How are the big ad platforms going to stay afloat as users shift from the full-sized web to the small screen? Less room to show ads and reluctance to tap in payment information to make purchases mean traditional advertising models fail on mobile.
But there’s one type of conversion that’s much easier on the go and that advertisers are willing to pay for: app installs.
As most smartphone users already have their credit card information stored with Apple or Google, ads that instantly open their app stores can quickly show a return on investment. Either people buy a paid app with a simple touch and perhaps an entry of their password, seamlessly make in-app physical or digital purchases later, or view more ads in the app that pay out to the developer. Advertisers love obvious ROI, and that’s what they get from paid app discovery.

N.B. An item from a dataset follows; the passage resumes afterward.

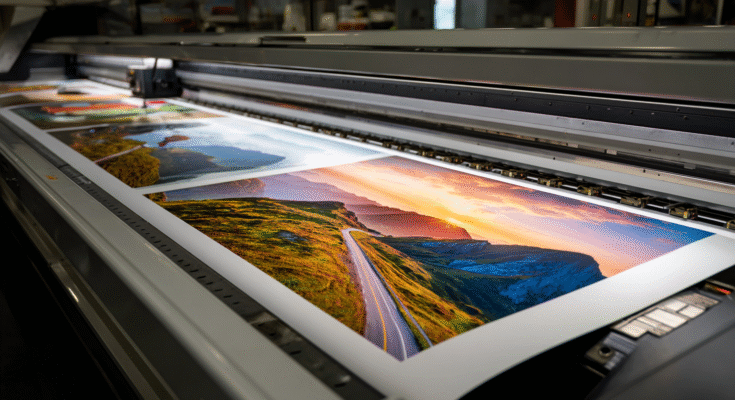 Zanim zamówisz: drukarnia wielkoformatowa w praktyce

To chase this market, Facebook launched mobile app install ads in October, and they’ve been a hit. Twenty percent of the top 100 grossing iOS apps were using them by January, and the ads have been shown to have low costs and high click-through rates, at least on the social network. So it makes perfect sense for Google to have its own version. It launched a few years ago but is getting highlighted now alongside an easier buying interface for developers. Update: Google has had app install ads for a few years, it’s the buying interface and focus that’s news.
Google’s Click-To-Download AdWords ads can be placed on mobile sites, and they kick users directly to their device’s app store when tapped. The installs they drive can give apps the boost they need to show up in lists like Top 10, New and Noteworthy, or What’s Hot where they can rise above the sea of crappy apps and start racking up organic downloads. Users who have the app already can have clicks open them to specific Page thanks the app ad extensions instead of conjuring the app store.